El pintor belga Gustave Wappers (1803-1874) fue un representante del más épico, literario e histórico romanticismo europeo del siglo XIX. En el año 1849 compuso su obra Boccaccio en la corte de la reina Juana de Nápoles. Aunque había nacido en Florencia, el poeta medieval Boccaccio marcha a Nápoles muy joven en el año 1331 para estudiar y promocionarse. Allí conoce a su amor de juventud, la bella esposa de un cortesano del reino de Nápoles -María de Aquino-, hija bastarda de la realeza napolitana de entonces -la dinastía francesa de Roberto de Anjou-. Ella, además de introducirle en la corte, le anima a dedicarse a la Literatura. Luego volvería Boccaccio a Florencia y allí escribiría su famosa obra maestra El Decamerón, unas páginas cargadas de historias inventadas llenas de pasión y deseos frustrados o liberalizadores. Años más tarde, muy mayor el poeta, regresa de nuevo a Nápoles donde ahora la reina Juana I es su gobernante. Pero ya no recordaría el poeta florentino para nada aquellos años pasados en su maravillosa, amorosa y libre juventud.

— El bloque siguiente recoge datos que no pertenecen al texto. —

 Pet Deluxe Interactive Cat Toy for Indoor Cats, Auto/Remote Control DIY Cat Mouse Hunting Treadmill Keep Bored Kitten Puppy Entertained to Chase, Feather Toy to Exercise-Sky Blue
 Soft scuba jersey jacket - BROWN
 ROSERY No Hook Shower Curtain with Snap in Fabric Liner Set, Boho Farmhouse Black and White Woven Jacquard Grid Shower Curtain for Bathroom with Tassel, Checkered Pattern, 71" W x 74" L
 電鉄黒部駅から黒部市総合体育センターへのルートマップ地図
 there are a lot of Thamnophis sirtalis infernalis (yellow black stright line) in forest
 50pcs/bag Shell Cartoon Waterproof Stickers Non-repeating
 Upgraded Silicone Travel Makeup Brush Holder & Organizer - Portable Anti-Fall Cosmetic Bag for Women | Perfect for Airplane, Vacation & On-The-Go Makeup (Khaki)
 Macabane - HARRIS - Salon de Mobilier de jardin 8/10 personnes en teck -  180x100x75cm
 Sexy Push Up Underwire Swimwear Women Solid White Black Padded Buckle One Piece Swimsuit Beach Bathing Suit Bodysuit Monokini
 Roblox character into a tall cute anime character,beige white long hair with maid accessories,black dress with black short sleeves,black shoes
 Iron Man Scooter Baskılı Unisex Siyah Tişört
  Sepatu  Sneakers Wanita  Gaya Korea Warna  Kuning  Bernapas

Sin embargo, el pintor belga crea su mal titulada obra anacrónica con el más inspirado, sugestivo, armonioso y literario romanticismo. Recrea entonces una escena medieval cargada de tintes estéticos decimonónicos. En una habitación napolitana dos bellas mujeres absortas escuchan las bellas palabras inventadas de las historias no reales del poeta. Es este preciso momento plasmado en la obra la representación sublime de un instante cargado ahora con el imaginado deseo más efusivo de sus personajes. Un deseo que el pintor decimonónico expresa con los perfiles románticos de una época anterior: la medieval e inocente del poeta florentino Boccaccio. Pero, lo que en verdad visualizaremos en la obra es el gesto del deseo, no el deseo en sí. Es decir, que ese mágico instante -tan inacabado como permanente en el lienzo- es el que el pintor reflejaría en su obra con los anhelos, aún por satisfacer, de sus dos personajes femeninos. Unos gestos expresados tanto en los ojos como en los oídos de las dos jóvenes napolitanas, ahora concentradas en la deseada historia aún no satisfecha del poeta. Porque no hay en la imagen, ni lo habrá, un final. No hay satisfacción, ni siquiera hay suspiro ni sorpresa, sólo la sensación artística de haber asido el deseo por su belleza.  Lo que es el Arte.

(Óleo del pintor realista francés Jules Breton, Arco iris en el cielo, 1883; Obra del pintor romántico belga Gustave Wappers, Boccaccio en la corte de la reina Juana de Nápoles, 1849, Real Museo de Bellas Artes de Bélgica.)